Skinner's largest project of the last few years has been in developing the MetaArchive, which was in turn developed out of the Lots of Copies Keeps Stuff Safe (LOCKSS) framework created by Stanford. The idea behind LOCKSS and the MetaArchive is that a minimum of 6 copies of information is stored across a large geographic space (could be even across several continents). Automated checks continually verify the accuracy and completeness of data. If anything happens to a single file in one of the repositories then the other 5 check to make sure their data is complete, and replace the bad or corrupt file in the 6th location. This idea of spreading information across a great geographic area could help restore information in the case of a major disaster. An example that Skinner gave was NPR content that was destroyed by Hurricane Katrina was able to be restored from the mirrored content kept at Emory University.
The biggest "AHA!" that came out of the day for me was that if you choose your access tool too early in the digital library design process, then your collection ends up becoming bound by the tool. By examining and fully understanding your collection, you can choose a tool that allows for curation of the materials that complements the care received by the analog materials. Process for selection should be identifying materials, seeing what information is available (ie. cataloging record) and then choose the metadata. Only when this process is complete should the tool be selected. I will have more thoughts on how this will change my approach to developing my repository in a later post.
The presentation was great, and the instructors knowledgable and friendly. They realize fully that as the field is new, no one really truly knows what they are doing for the long haul, and the more that we can help each other out, the more successful the digital preservation program will be.
Thursday, November 29, 2007
The internet is running out of space!
"Consumer demand for bandwidth could see the internet running out of capacity as early as 2010, a new study warns."

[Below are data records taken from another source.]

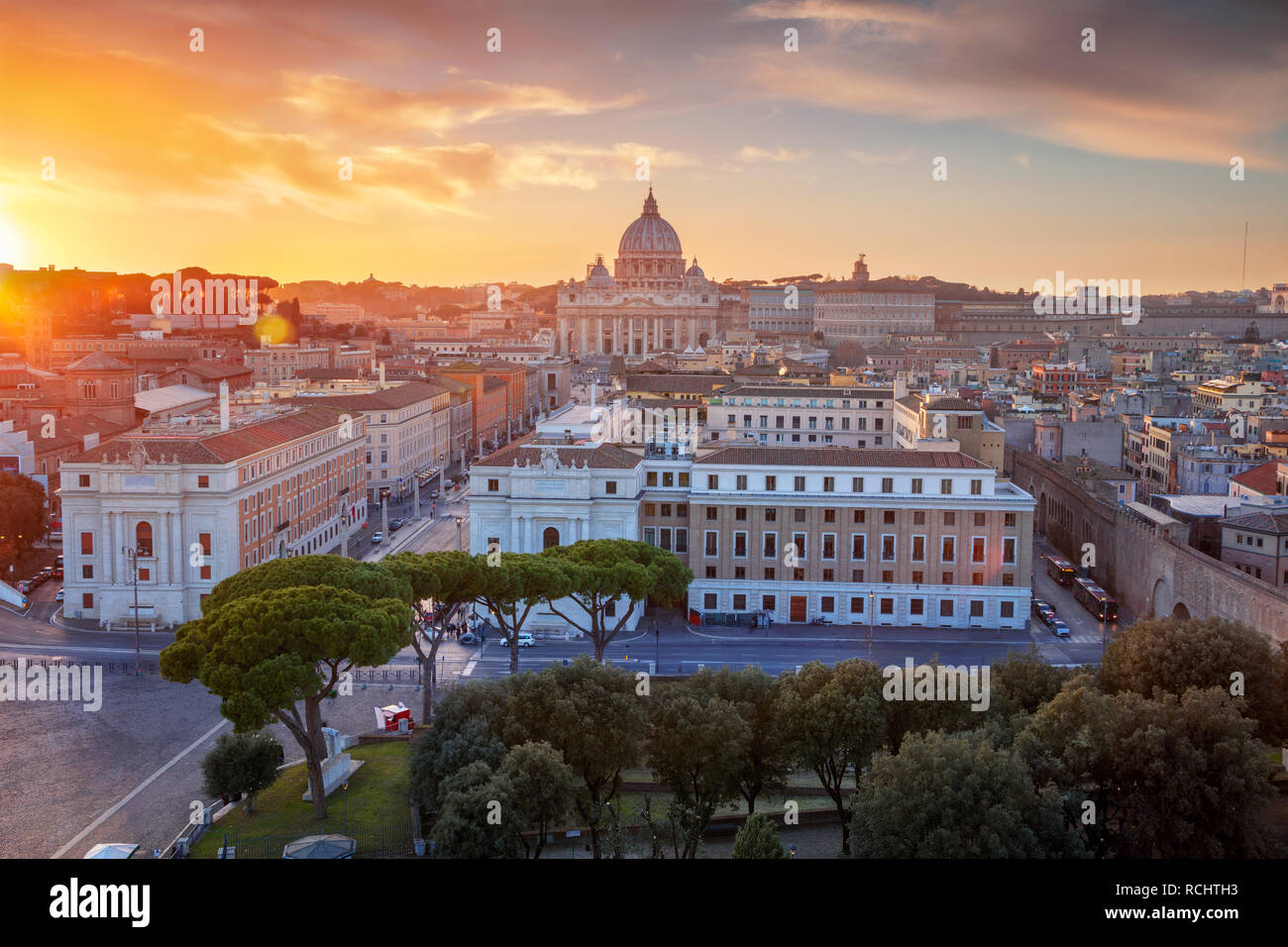 Rome, Vatican City. Aerial cityscape image of Vatican City with the Saint Peter Basilica, Rome, Italy during beautiful sunset. Stock Photo
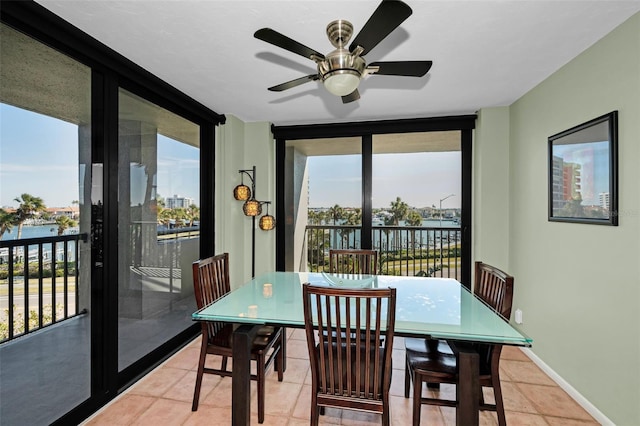 dining space with expansive windows, a water view, and light tile patterned floors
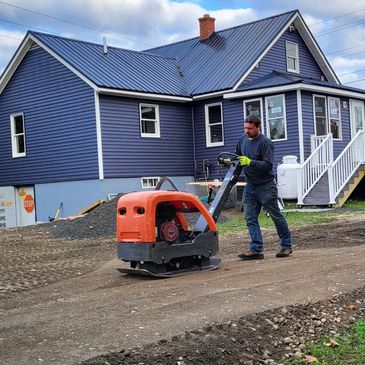 A man operates a compacting machine near a blue house under construction.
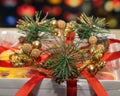 New Years gift on the background of multi-colored blurred background. christmas present Royalty Free Stock Photo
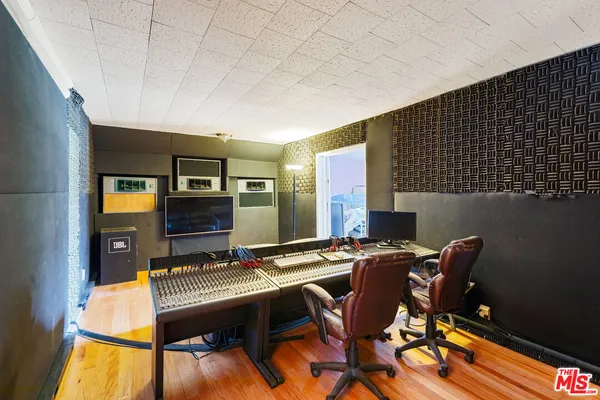 an empty room with wooden floor fireplace and windows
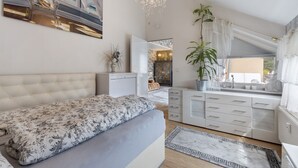 A bedroom with a bed, a dresser, a mirror, a chandelier, and a window with curtains. - Quiet Berlin-Steglitz Apartment with Shared Garden, Balcony & Wi-Fi (Berlin)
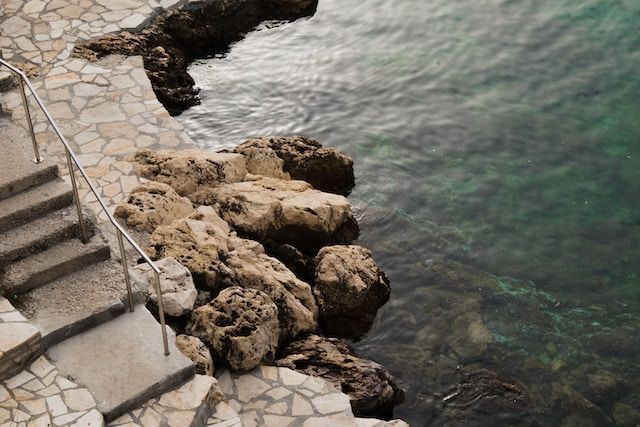 Stairs beside body of water during the day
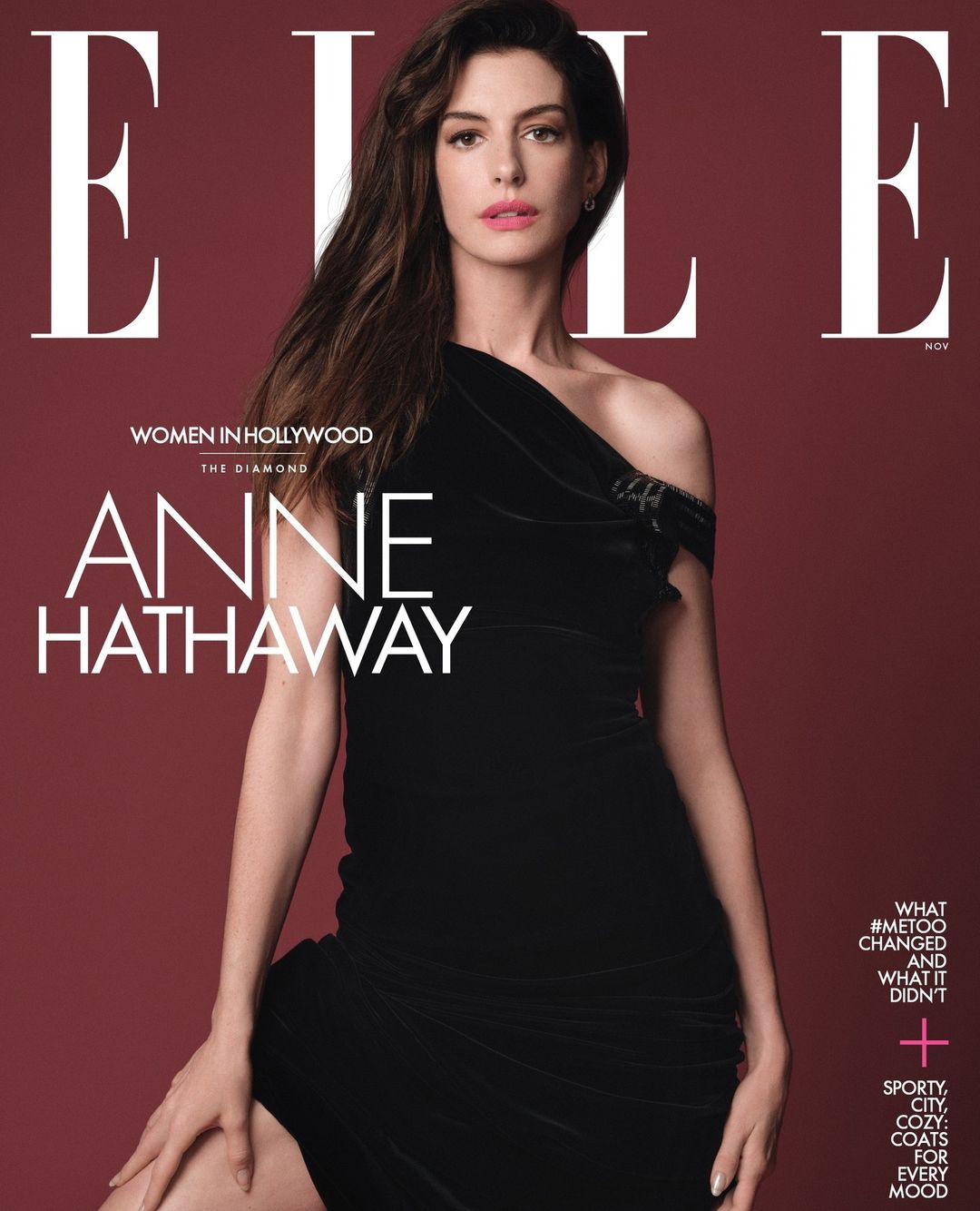 Anne Hathaway poses in a one-shoulder black dress on the cover of Elle magazine. 'Women in Hollywood' issue.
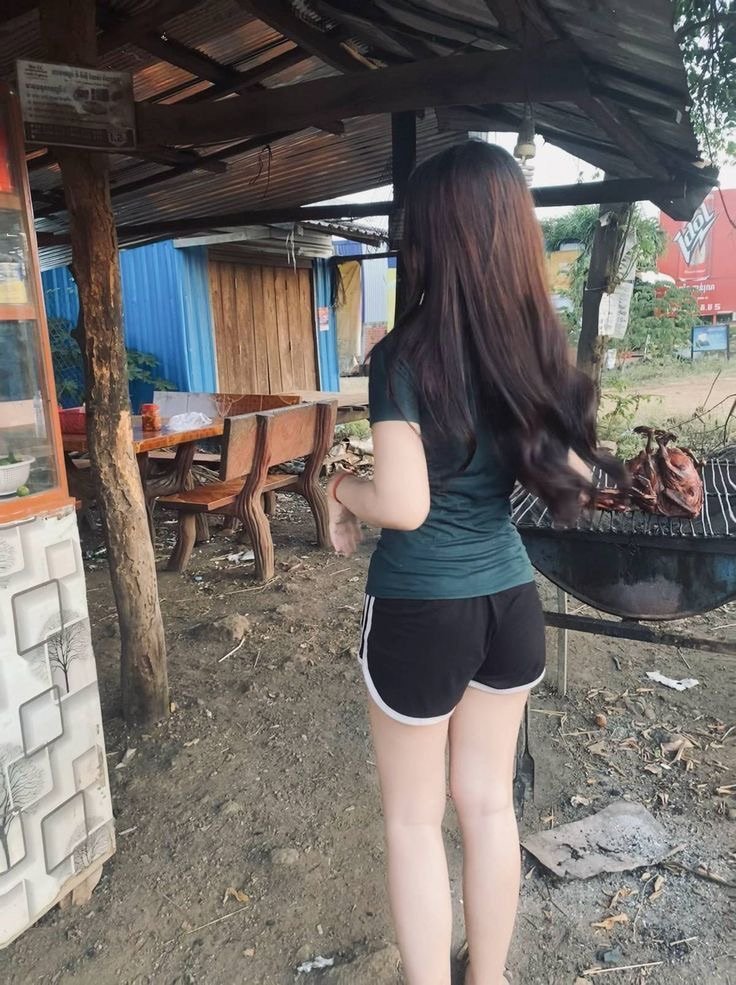 穿着绿色衬衫的女人穿过一个烤箱。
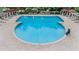Areal view of a large community pool surrounded by lounge chairs and pergola covered seating areas at 31331 Anniston Dr, Wesley Chapel, FL 33543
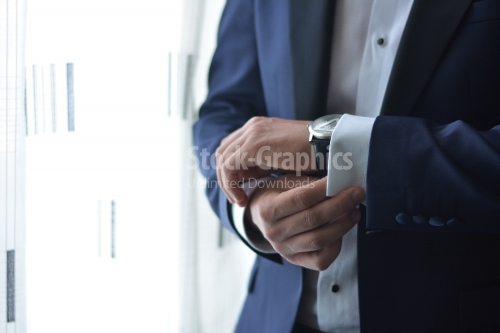 Young man puts his watch on his hand. Groom. Businessman.
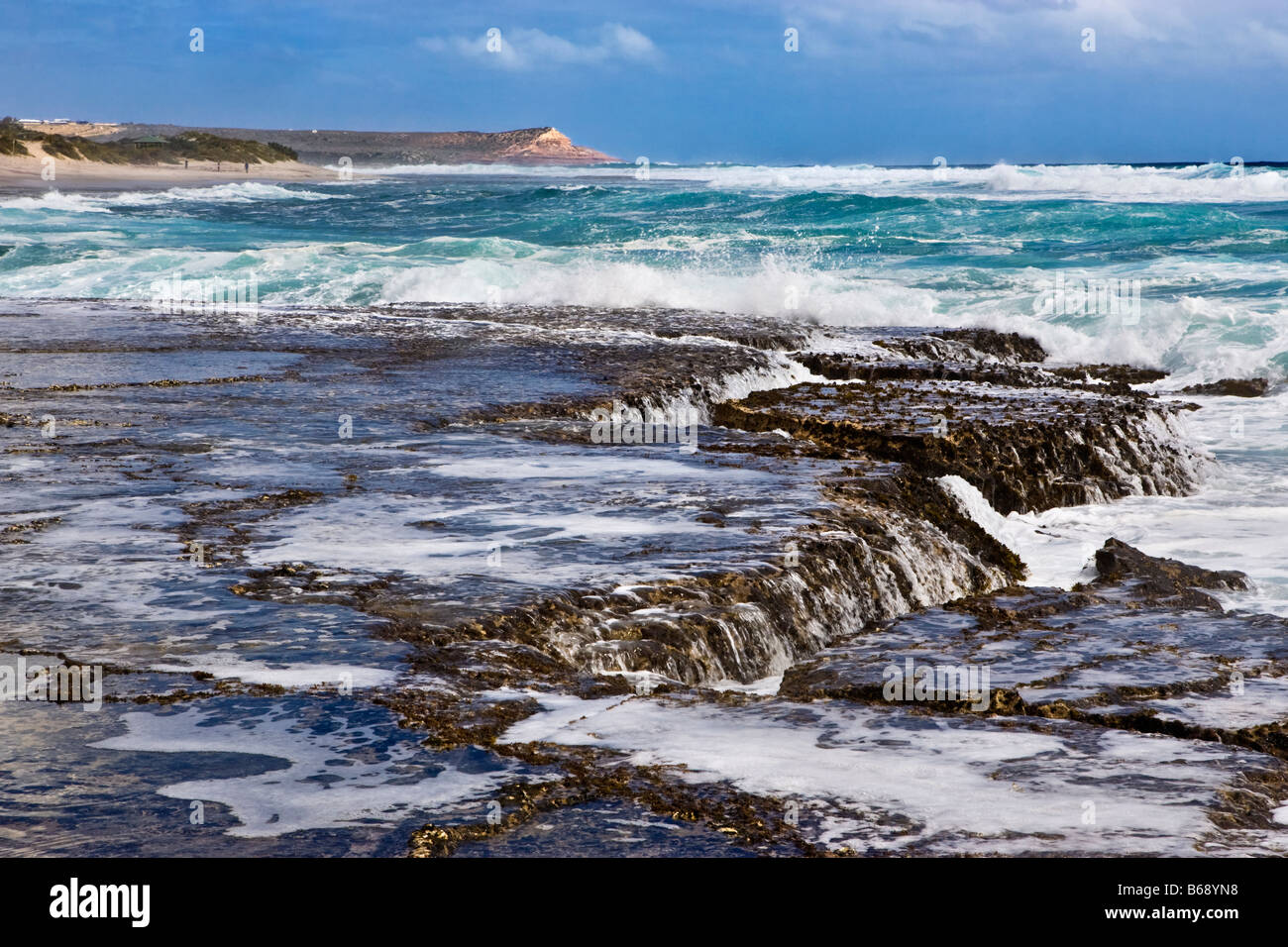 Onde che si infrangono sulla costa rocciosa di Kalbarri National Park con Red Bluff nella distanza, Australia occidentale Foto Stock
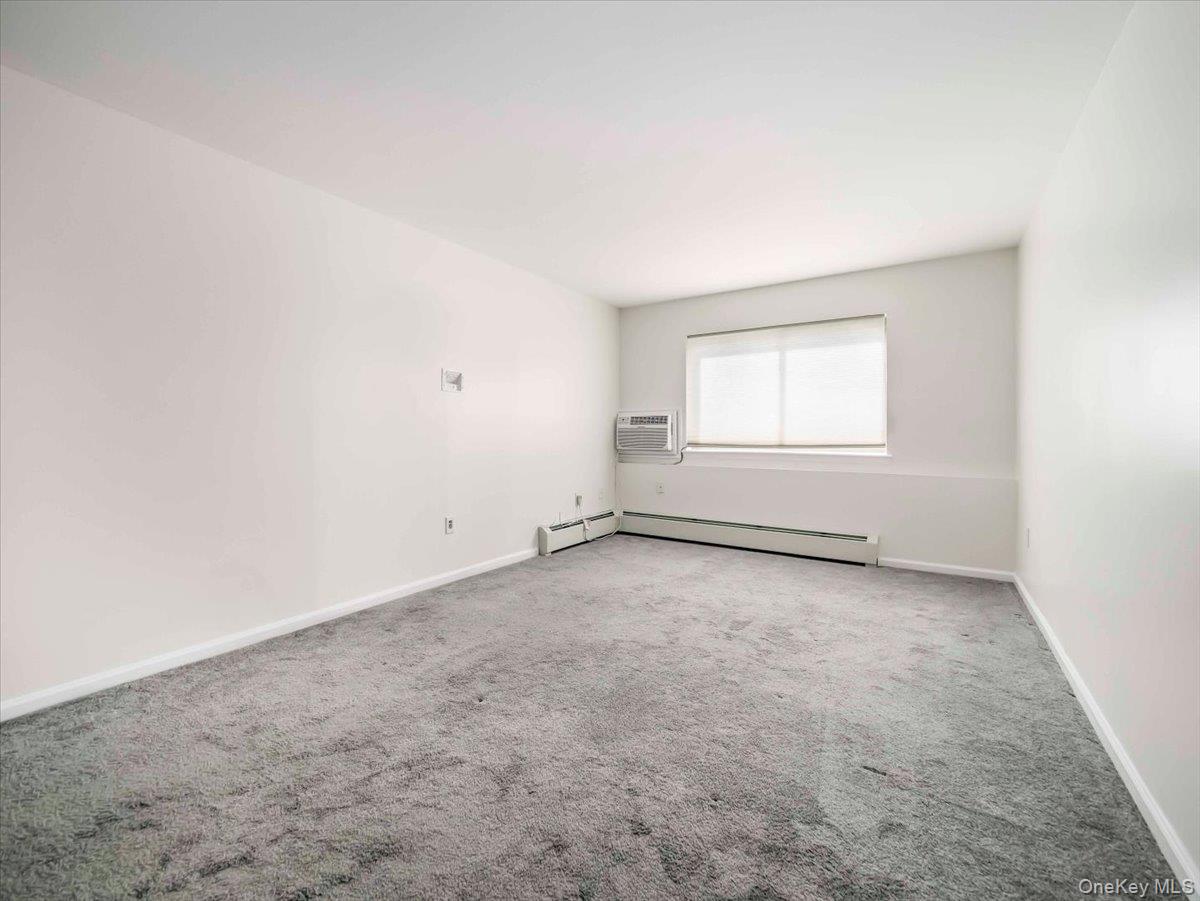 27 Tanager Road, Unit 2702 Monroe, NY 10950 - Photo 22 of 35 Neutral wall paint, gray carpeting, a window with horizontal blinds, and a wall-mounted air conditioning unit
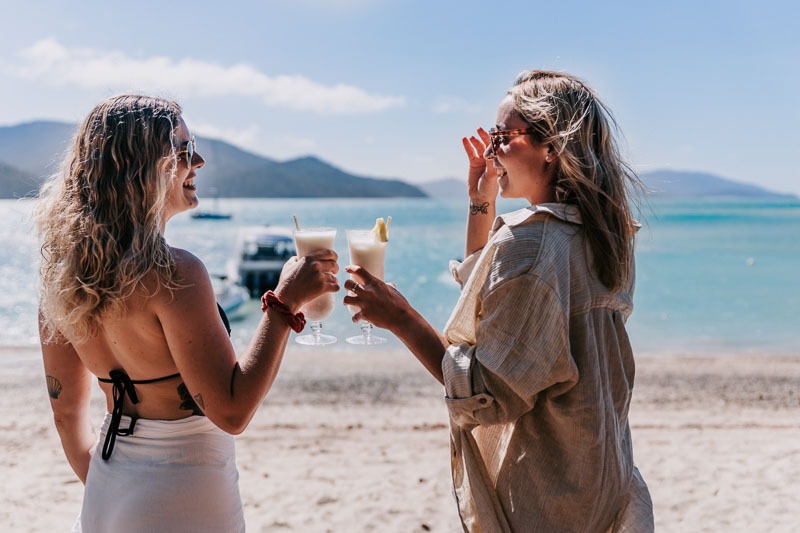 Girls on long Island Resort drinkign cocktails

http://news.bbc.co.uk/2/hi/technology/7103426.stm
I can't stop thinking about this study that reports that the internet could run out of bandwidth by 2010, and wonder how we -- internet users, content creators, and/or librarians -- could help solve this problem. Digital information is "invisible," or so it seems... You upload to the internet and its physically away from you -- Yet accessible as need be. But how much stuff on the internet is junk? I know that I personally have all the images and pages from my old website still hanging out on an FTP site somewhere -- And those images were probably unnecessarily large, as that was before I know anything about correct imaging for projects and webpages. If everyone just cleaned out their Flickr accounts, or deleted old webpages, could we then get another year or two out of the internet at its current capacity? By realizing that data truly are physical objects, perhaps we feel a greater sense of responsibility to the upkeep and care.
Its physics, its kind of string theory, I know, but as I sit here right now I am surrounded by the internet. I can't see it or feel it, but its here, physical, voluminous and completely disorganized. A Tech Director at a former job of mine always wanted to take a filing cabinet, cram if full of paper in dissarray, with materials falling out of it and jammed into the drawers. "This is what the server actually looks like," would be the message. I am sure that the same analogy would apply to the internet.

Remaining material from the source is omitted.